[Opening SUPPLIED MATERIAL section]

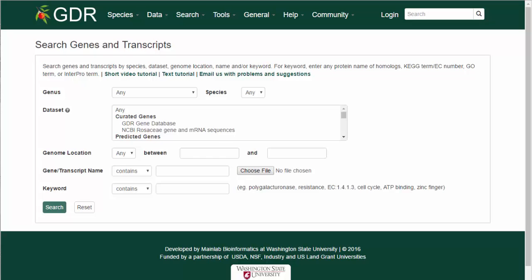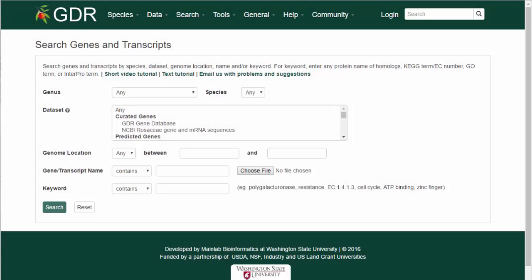A few parameters can be used to return a broad range of results, or numerous parameters can be used to find very specific data. I will now demonstrate a few different searches.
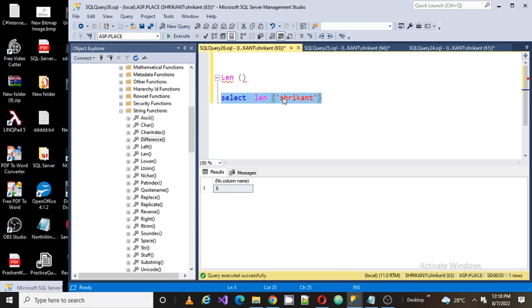This is very important sometimes when we work on string manipulation. So hope you guys understood and enjoyed our video related to the LEN function. And thanks for watching.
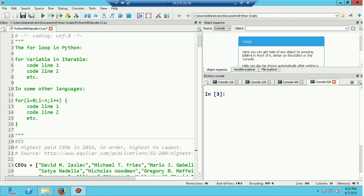In this video I'm going to introduce the idea of looping using the for statement in Python. What you're looking at is the Spyder IDE, which as usual I'm running on a Windows instance at Amazon Web Services. Looping using the for statement is the second topic I've discussed in this series of videos that relates to program flow control.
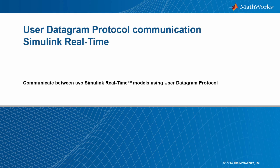In this video, we see how to communicate between two target computers using the user datagram protocol or UDP feature in Simulink real-time.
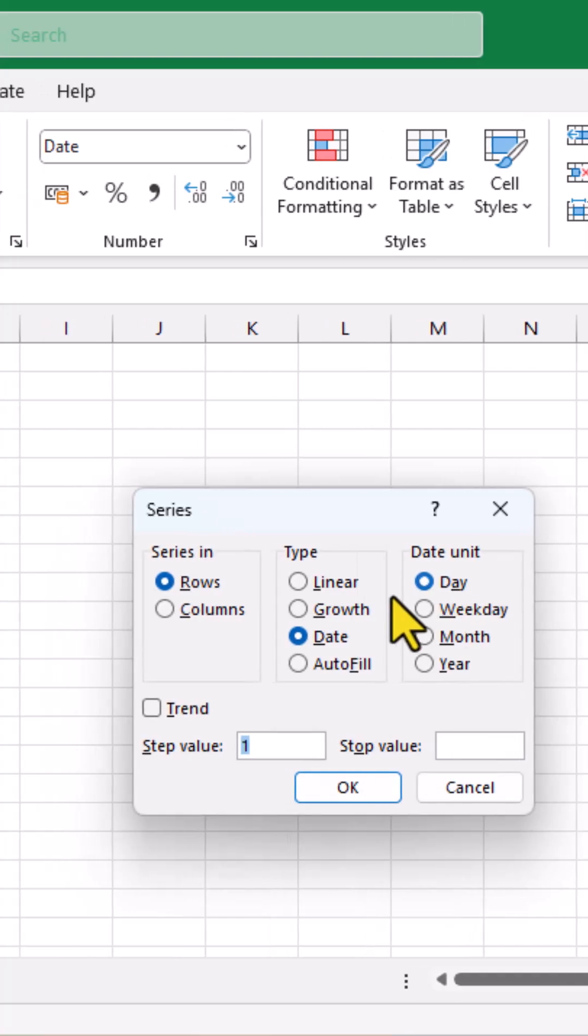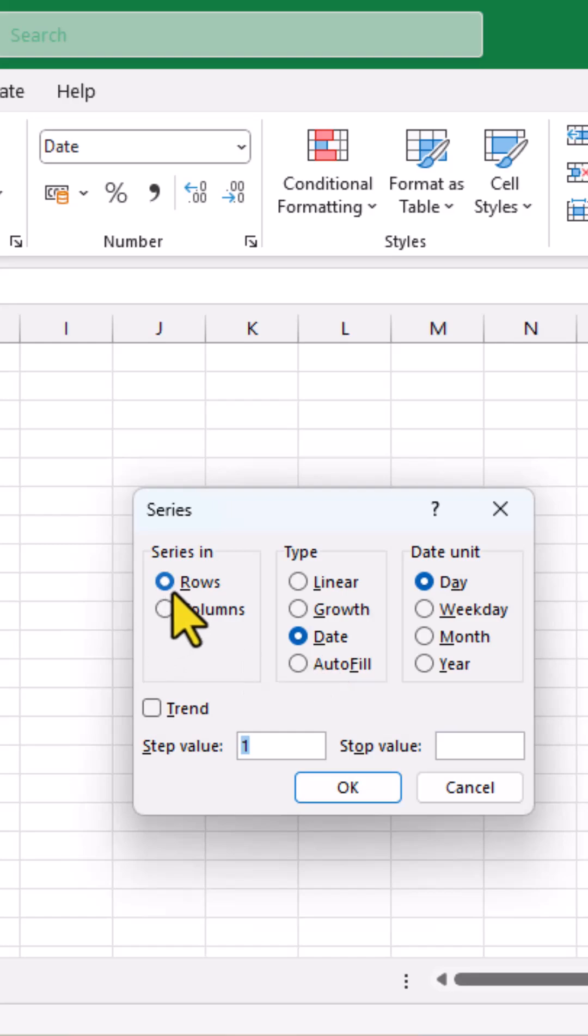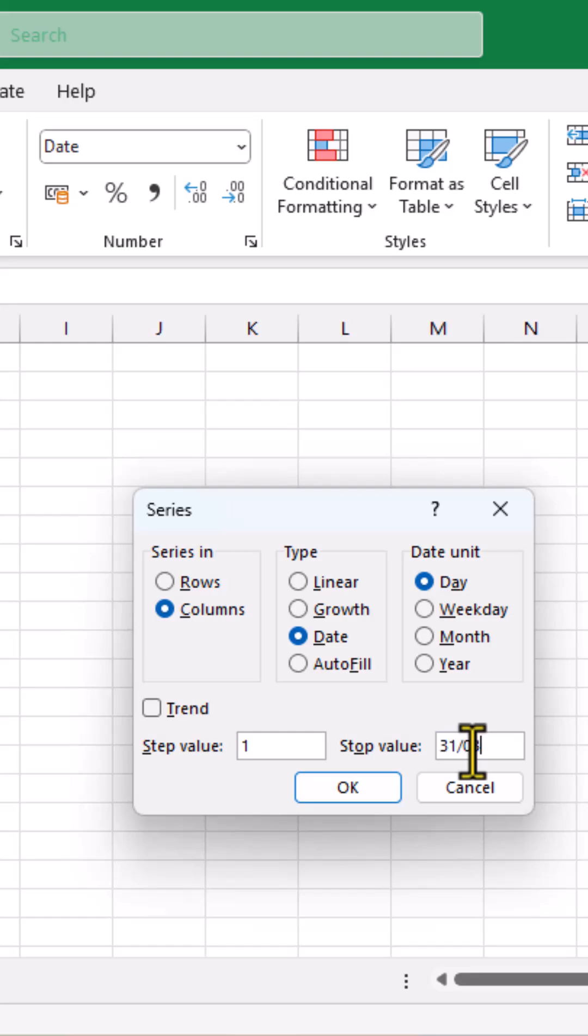Over here, ensure it is date, unit is date, type is date and here in series, select column and in the stop value, type the last date.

[Closing SUPPLIED MATERIAL section]

PROBLEM TO WORK ON: Write out the lines that run from the line containing "In this video, we" to the end of the entries, inclusive, exactly as written. Skip every picture.

RESPONSE TO THE EXERCISE:
In this video, we see how to communicate between two target computers using the user datagram protocol or UDP feature in Simulink real-time.
Over here, ensure it is date, unit is date, type is date and here in series, select column and in the stop value, type the last date.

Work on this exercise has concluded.